Além disso, o mencionado autor argumenta que o item II da Súmula 393 não diz respeito ao efeito devolutivo, e sim ao efeito expansivo do recurso ordinário.
Alcance do efeito devolutivo no Processo do Trabalho
O efeito devolutivo alcança apenas os capítulos expressamente impugnados no recurso. Entende-se por capítulo qualquer decisão relativa a matérias ou pedidos pronunciada na sentença.

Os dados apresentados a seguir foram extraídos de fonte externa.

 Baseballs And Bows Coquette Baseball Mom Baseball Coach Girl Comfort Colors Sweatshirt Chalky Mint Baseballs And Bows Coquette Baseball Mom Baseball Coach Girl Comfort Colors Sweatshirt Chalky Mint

Assim, se na petição inicial o reclamante requer o pagamento de adicional noturno e indenização por dano moral e o juiz defere ambos os pedidos, cabe ao reclamado impugnar ambos os capítulos no recurso ordinário.
Se no exemplo acima o reclamado recorrer apenas do adicional noturno, o tribunal não poderá apreciar os fundamentos do capítulo da sentença que deferiu a indenização por dano moral.
Conclusão
O efeito devolutivo em profundidade, embora seja um instituto consagrado na doutrina e na jurisprudência, apresenta desafios interpretativos, especialmente quando confrontado com situações de omissão judicial ou ausência de previsão expressa no ordenamento jurídico, como na CLT.
A Súmula 393 do TST busca harmonizar as regras do CPC com as particularidades do processo trabalhista, mas críticas doutrinárias apontam inconsistências em sua formulação, destacando a complexidade do tema.
Ao compreender a extensão e a profundidade desse efeito, advogados e operadores do direito podem atuar de forma mais estratégica na interposição de recursos, aumentando as chances de sucesso em suas causas.